*Exercise description*. Copy the data below exactly. Any pictures in it should be omitted.

Information provided section start

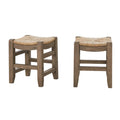 Two Newport with Stools 18"H Wood of Rush Alaterre Seats Set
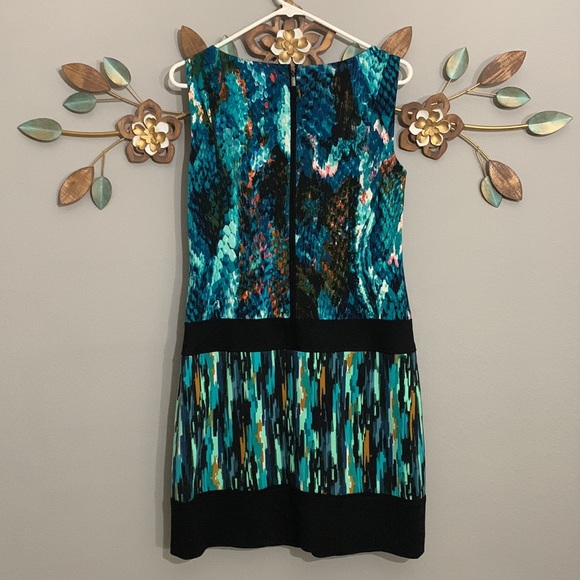 Laundry by Shelli Segal Teal Black Dress Size 4 - Picture 5 of 8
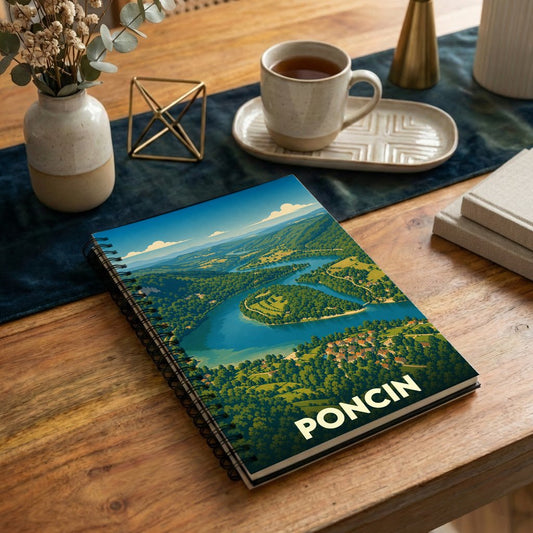 Carnet de notes souvenir de la ville de Poncin orné d'une illustration stylisée de sa rivière sinueuse.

Information provided section end

*Result below*.
 Two Newport with Stools 18"H Wood of Rush Alaterre Seats Set
 Laundry by Shelli Segal Teal Black Dress Size 4 - Picture 5 of 8
 Carnet de notes souvenir de la ville de Poncin orné d'une illustration stylisée de sa rivière sinueuse.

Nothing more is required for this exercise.